BACKGROUND OF THE INVENTION

1. Field of the Invention

The invention relates to an X-ray apparatus, comprising a photoconductor for converting X-rays into a charge pattern, and a controllable charging device for charging the surface of the photoconductor to a defined potential.

2. Description of the Related Art

An X-ray apparatus of this kind is known from DE-OS 40 15 113 which corresponds U.S. Pat. No. 5,093,851 as well as from DE-OS 43 33 325, which corresponds to U.S. Pat. No. 5,467,378 filed. The photoconductor in an X-ray apparatus of this kind must have been charged to a defined potential before an X-ray image is formed. In a practical X-ray apparatus of this kind, therefore, the controllable charging device is activated so long that the defined potential is reached even in the least favorable circumstances (completely discharged photoconductor, aged charging device). This may require, for example 10 seconds. This means that a time in rental of at least 10 seconds must elapse between two X-ray exposures (after an exposure the charge pattern on the surface must be read before the photoconductor can be charged again for the next exposure). However, for many applications a higher faster exposure rate is required.
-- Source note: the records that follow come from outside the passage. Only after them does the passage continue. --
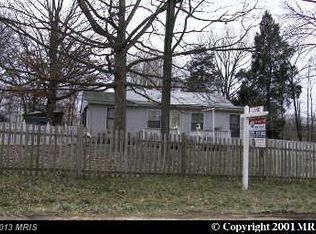 13129 Westbrook Dr, Fairfax, VA 22030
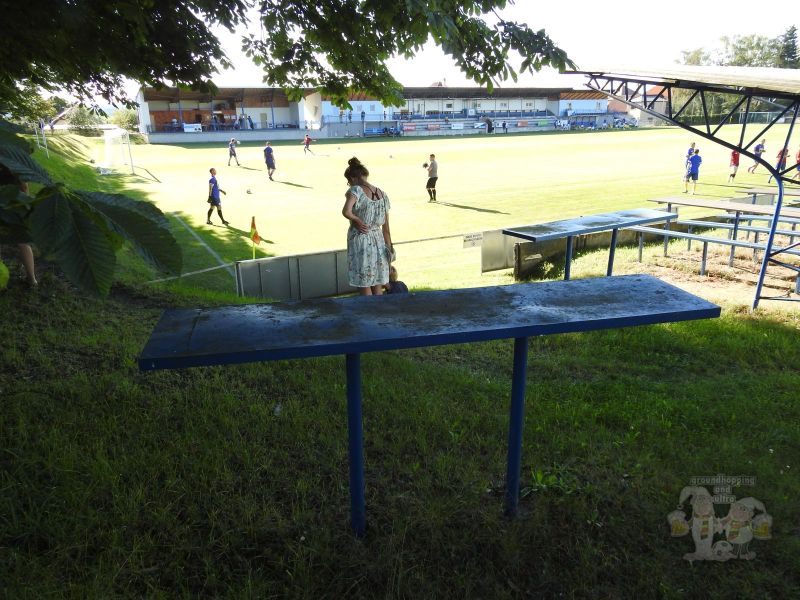 Autor fotek: Groundhopping Ultra 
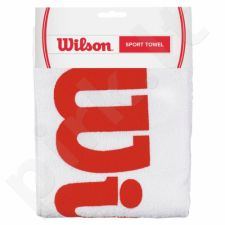 Rankšluostis Wilson Sport Towel WRZ540100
In other exposure methods comparatively large idle periods intervals may occur between two successive X-ray exposures. In order to keep the X-ray apparatus continuously ready for operation the charging device remains switched on. This long switch-on period reduces the service life of the charging device. Moreover, the ageing of the charging device is accelerated so that streaky X-ray images may occur.

SUMMARY OF THE INVENTION

It is an object of the present invention to improve an X-ray apparatus of the kind set forth in such a manner that a longer service life and slower aging of the charging device are achieved. This object is achieved in accordance with the invention in that there is provided a measuring device for measuring the potential on the surface of the photoconductor and for controlling the charging device in dependence on the potential.

In accordance with the invention, the charging device is controlled in dependence on the potential measured on the surface of the photoconductor by the measuring device. As a result, the charging device can be switched on for only as long as is necessary to reach the defined potential; a higher X-ray exposure rate can thus be obtained. If the charging device is activated only if the surface of the photoconductor has been discharged by a given amount and if it remains switched on only until the defined potential has been reached again, the operating time of the charging device is substantially reduced, thus reducing the aging effects and prolonging the service life of the charging device. Because ozone is formed during operation of the charging device, the production of ozone is also reduced in proportion to the reduced switch-on time of the charging device.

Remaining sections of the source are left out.